Театр теней на заснеженных дорожках, подсвеченных желтоватым светом фонарных столбов. Модный — в узких кругах, также напоминающих секту — драматург-уникум (еще и кинематографист, математик) Роман Михайлов, продолжает эксплуатировать на больших экранах лимб 90-х: с теремками-панельками, массовкой городских сумасшедших и безымянными провинциальными городками-призраками. Морфология сказки сводится к настойчивому упоминанию всуе призраков, ведьм и «кусающих за бочок» бабаек (всего то!) — здесь в обличии мысленной росомахи. Весь неупокоенный фольклор — естественно, следствие незаживающей, расковырянной болячки прошлого: травмирующего детства или семейной трагедии в андроповскую эру.
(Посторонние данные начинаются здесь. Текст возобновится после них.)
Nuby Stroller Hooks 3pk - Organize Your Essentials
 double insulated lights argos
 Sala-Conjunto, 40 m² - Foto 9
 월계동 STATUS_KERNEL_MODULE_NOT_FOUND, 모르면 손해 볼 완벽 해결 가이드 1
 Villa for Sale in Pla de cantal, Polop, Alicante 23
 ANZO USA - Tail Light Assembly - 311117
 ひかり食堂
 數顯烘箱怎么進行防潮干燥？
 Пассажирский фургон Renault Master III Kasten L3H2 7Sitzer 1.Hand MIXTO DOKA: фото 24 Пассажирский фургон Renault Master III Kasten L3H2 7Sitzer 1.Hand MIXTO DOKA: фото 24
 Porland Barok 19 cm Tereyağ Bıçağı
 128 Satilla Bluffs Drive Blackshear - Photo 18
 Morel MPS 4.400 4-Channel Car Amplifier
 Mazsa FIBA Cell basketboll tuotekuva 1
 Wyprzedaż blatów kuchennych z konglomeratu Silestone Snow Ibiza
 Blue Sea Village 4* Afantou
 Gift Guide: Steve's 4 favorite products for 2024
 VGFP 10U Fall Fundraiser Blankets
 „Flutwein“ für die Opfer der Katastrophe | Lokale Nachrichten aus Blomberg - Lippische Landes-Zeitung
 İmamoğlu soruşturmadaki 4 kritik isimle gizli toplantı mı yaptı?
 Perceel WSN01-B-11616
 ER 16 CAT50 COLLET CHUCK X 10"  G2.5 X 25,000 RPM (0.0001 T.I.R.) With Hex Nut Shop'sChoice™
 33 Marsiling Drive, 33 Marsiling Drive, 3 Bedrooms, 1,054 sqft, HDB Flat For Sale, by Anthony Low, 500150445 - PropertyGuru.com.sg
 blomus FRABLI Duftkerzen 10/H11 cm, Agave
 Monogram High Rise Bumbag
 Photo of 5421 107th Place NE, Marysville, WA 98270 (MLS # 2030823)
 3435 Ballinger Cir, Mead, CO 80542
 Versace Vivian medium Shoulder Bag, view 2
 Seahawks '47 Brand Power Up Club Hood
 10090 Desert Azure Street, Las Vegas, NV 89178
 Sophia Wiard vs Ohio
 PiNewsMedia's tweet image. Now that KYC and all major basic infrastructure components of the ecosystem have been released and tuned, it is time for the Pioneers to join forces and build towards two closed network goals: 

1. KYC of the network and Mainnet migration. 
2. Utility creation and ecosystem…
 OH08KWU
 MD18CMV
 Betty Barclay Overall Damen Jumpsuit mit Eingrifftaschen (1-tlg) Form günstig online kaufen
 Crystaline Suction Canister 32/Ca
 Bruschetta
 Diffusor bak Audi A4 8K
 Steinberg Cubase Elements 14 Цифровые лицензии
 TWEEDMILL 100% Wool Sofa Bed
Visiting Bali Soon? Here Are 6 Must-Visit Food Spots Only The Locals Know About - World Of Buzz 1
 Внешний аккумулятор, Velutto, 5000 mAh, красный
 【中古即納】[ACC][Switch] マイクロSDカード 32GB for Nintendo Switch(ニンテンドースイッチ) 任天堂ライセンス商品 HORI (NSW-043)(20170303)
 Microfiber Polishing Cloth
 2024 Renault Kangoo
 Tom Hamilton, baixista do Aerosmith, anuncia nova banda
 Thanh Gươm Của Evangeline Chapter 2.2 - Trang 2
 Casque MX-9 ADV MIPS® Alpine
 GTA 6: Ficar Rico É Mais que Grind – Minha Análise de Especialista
Соотношение истории и лубочного магического реализма — чисто математического свойства (от частоты упоминаний завсегдатаев славянского бестиария мистицизма не прибавляется), равно как многообразие прямых линий в кадре — геометрического. Где-то за неувядающей эстетикой ментовских сериалов (притоны, задержания, скупая на эмоции романтика), как бетонная стена за тремя слоями обоев и выцветших газет, проглядывает короткометражка об одиночестве по обе стороны телефонных гудков. Но режиссер Михайлов с большим энтузиазмом побуждает своих героев монотонно рассказывать о том, о чем они не делятся с другими (читай: исповедоваться). Когда в очередном лирическом припадке Николай жалуется, что не улавливает сюжеты фильмов, а путешествует по пятнам памяти, автор, подустав от проповедей, открывает для себя самоанализ творческого метода, изживая из этой раздражающе-головной сценарной конструкции а-ля Ален Роб-Грийе (для постановки в региональном ТЮЗе) последние задатки тайны. Если Лена в своих монологах настойчиво ссылается к образу бога в тихом ветре, то этот фильм всего-навсего — морозный сквозняк.